Task description >> Repeat all the lines below exactly, but omit the pictures.
━━━ Provided material ━━━
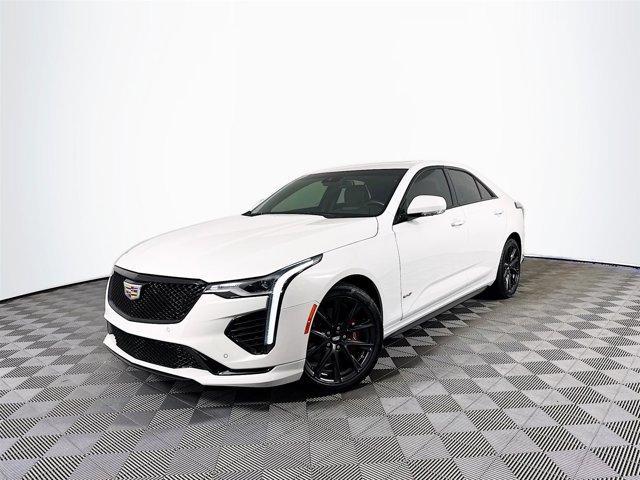 used 2021 Cadillac CT4 car, priced at $38,999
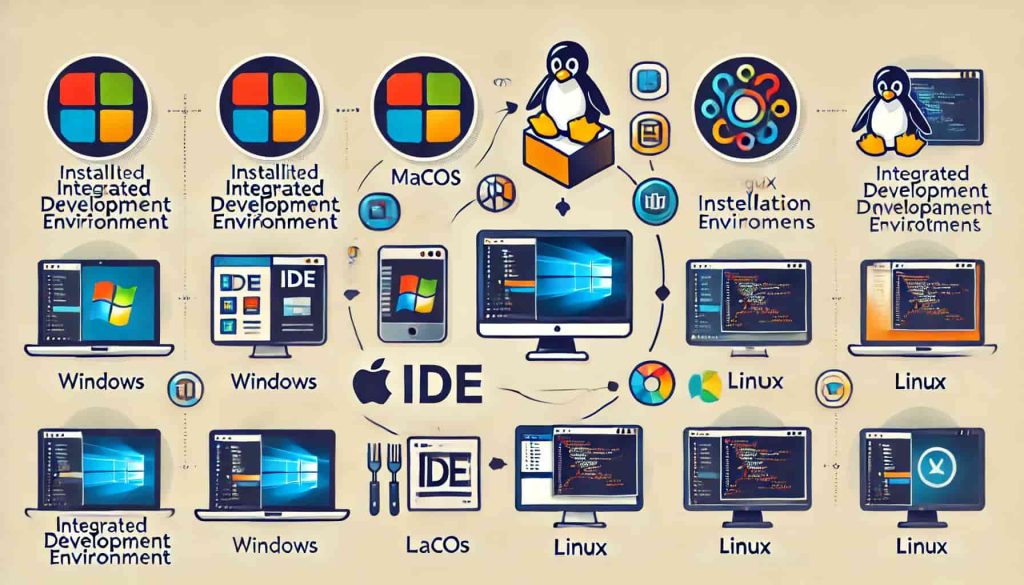 instalar un IDE en diferentes sistemas operativos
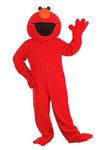 Elmo Mascot Fancy Dress Costume for Plus Size Adults 4X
━━━
Result >>
 used 2021 Cadillac CT4 car, priced at $38,999
 instalar un IDE en diferentes sistemas operativos
 Elmo Mascot Fancy Dress Costume for Plus Size Adults 4X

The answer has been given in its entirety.